Spirit Airlines, the second-most active carrier at Harry Reid International Airport, filed for bankruptcy last week. However, that doesn’t mean the company will stop service anytime soon.

Many of Las Vegas’ other most popular airlines have gone through bankruptcy since 2003, sometimes laying off workers, restructuring debt and changing routes to reach the profitability they now have.

Spirit is set to embark on the same process.

In 2024, it’s “the nature of the business,” said Dan Bubb, a professor in residence at UNLV and expert on aviation in the American West. However, tourists and locals alike shouldn’t count on massive cuts to Spirit’s Las Vegas routes, Bubb said.

“We try to attract as many people as we can, and airlines like that because flights are, generally, pretty much full,” he said. “Las Vegas typically gets spared just because it’s such a popular destination for so many people.”

Delta was in Chapter 11 bankruptcy for two years from 2005 to 2007. Now it’s the most profitable airline in America, raking in over $4.6 billion last year. Allegiant Airlines was originally based out of Fresno, Calif., before it moved to Las Vegas while restructuring from a 2000 bankruptcy. A quarter of a century later, it’s winning awards for customer satisfaction.
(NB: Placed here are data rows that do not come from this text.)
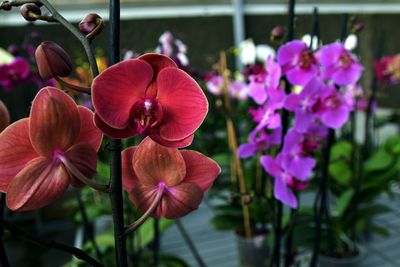 Close-up of pink flowering plants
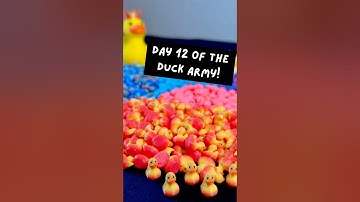 Day 12 of 3D printing a new duck for every new subscriber that joins the Duck Army.
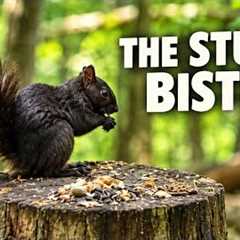 The Stump Bistro 🐿️ Table for One | 10 Hours of Relaxing Woodland Wildlife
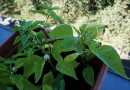DSC00156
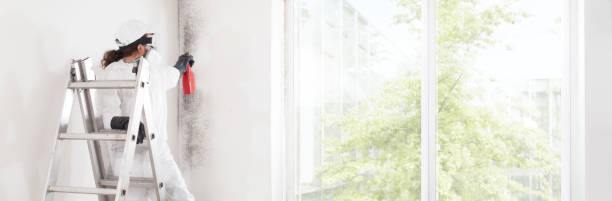 Best Post-Construction Mold Inspection  in , NC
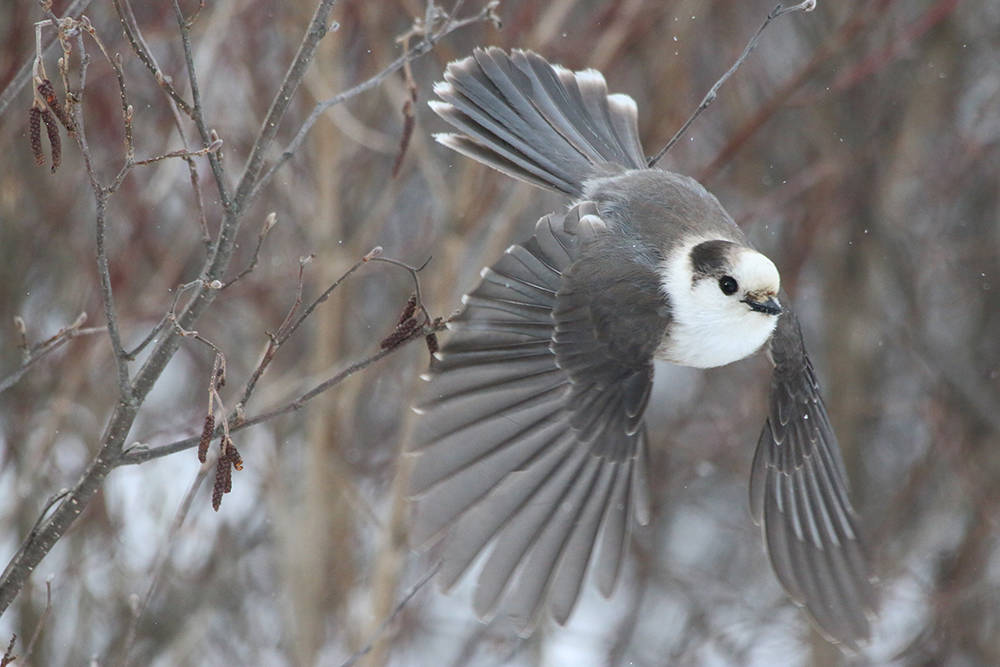 The gray jay, or whiskey jack, is a local resident and was named Canadian Geographic’s choice for national bird. Steve Phillips photo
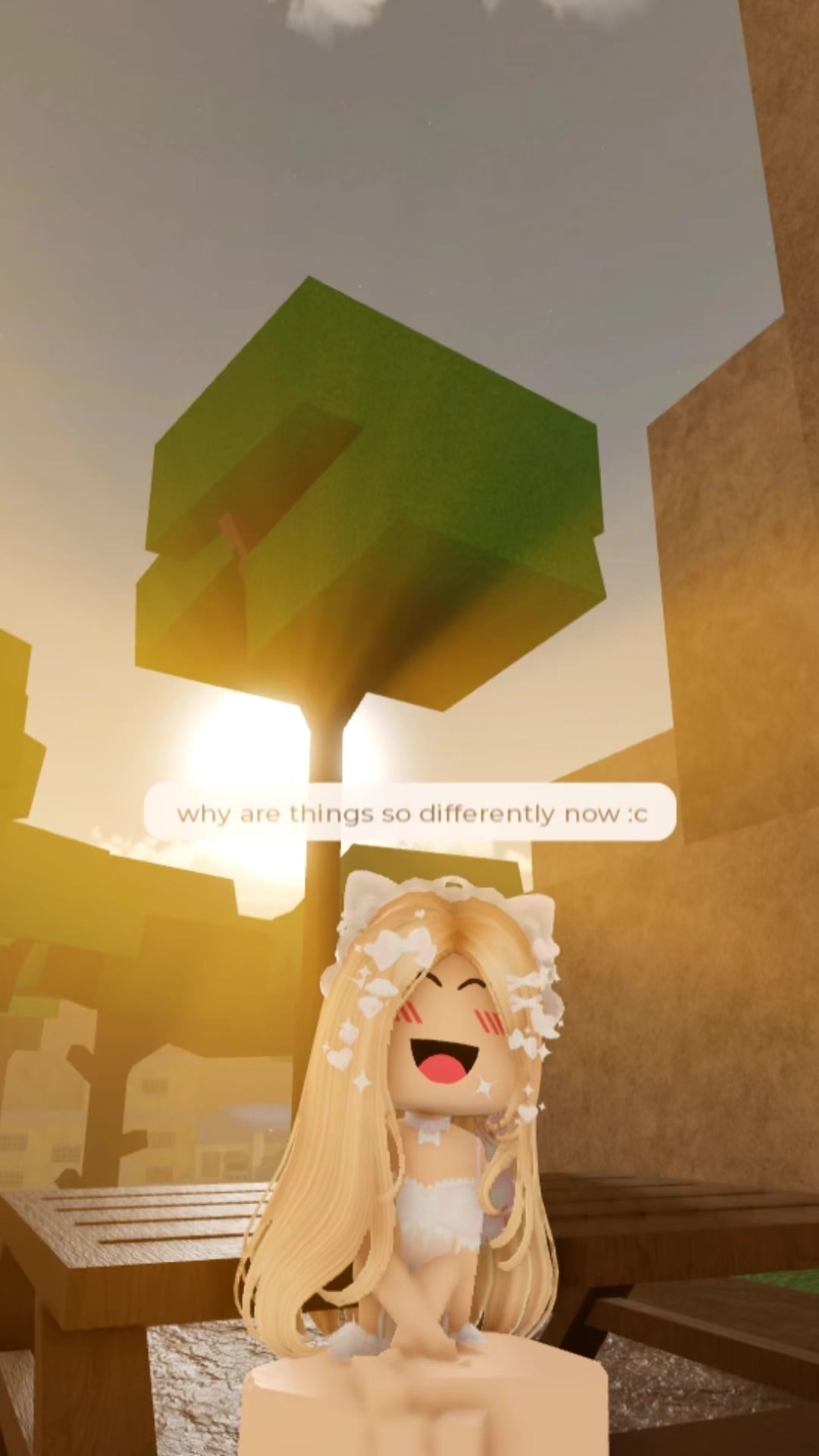 @ari 🦭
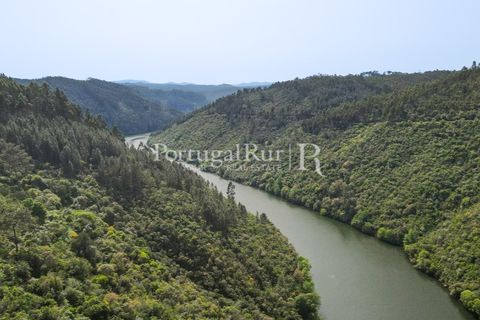 Granja a Serta, Castelo Branco, Serta - € 89.000 | Ref: FG738 - foto 23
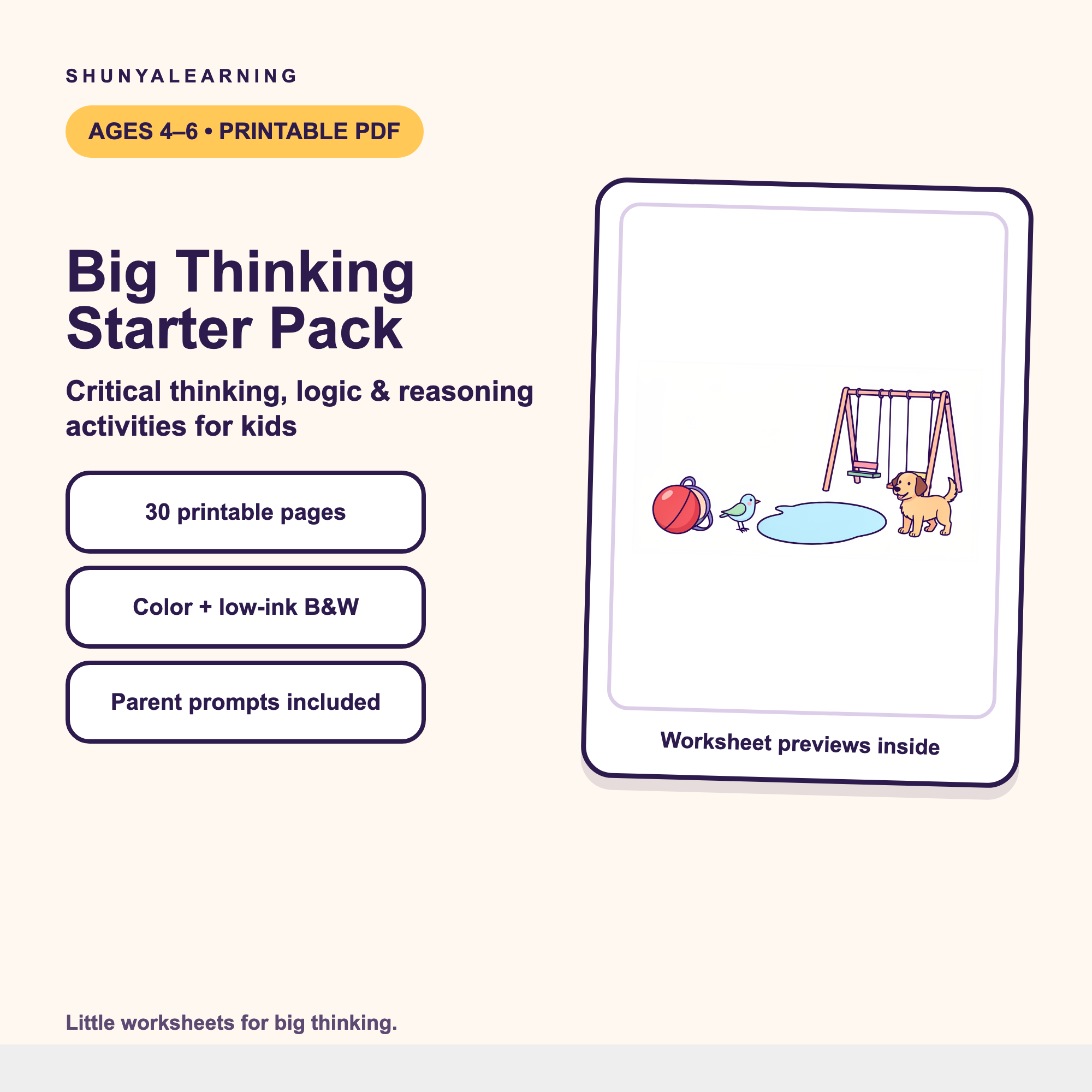 Big Thinking Starter Pack printable preview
From January to September, over 43.5 million people arrived or departed from the Las Vegas airport, a slight increase from an already-record-breaking 2023. Spirit makes up around an eighth of the airport’s traffic.

Spirit earlier this year cut routes from Las Vegas to Charleston, S.C.; St. Louis; Louisville, Ky.; and Minneapolis-St. Paul, according to Travel + Leisure magazine. A Harry Reid airport official told the Sun that it is not currently “seeing impacts to Spirit flights,” but that the airport advises guests to check the airline’s website for updates.

Spirit Airlines wrote in a news release that customers can fly and use loyalty points without any changes. Staff wages and benefits as well as Spirit’s debt payments will continue as normal, according to the company.

The airline has lost more than $2.5 billion since the start of 2020 and faces looming debt payments totaling more than $1 billion in 2025 and 2026.

Under its restructuring plan, which the company said received a supermajority of support from investors, Spirit expects to exit bankruptcy in early 2025.

“This set of transactions will materially strengthen our balance sheet and position Spirit for the future,” Spirit CEO Ted Christie wrote.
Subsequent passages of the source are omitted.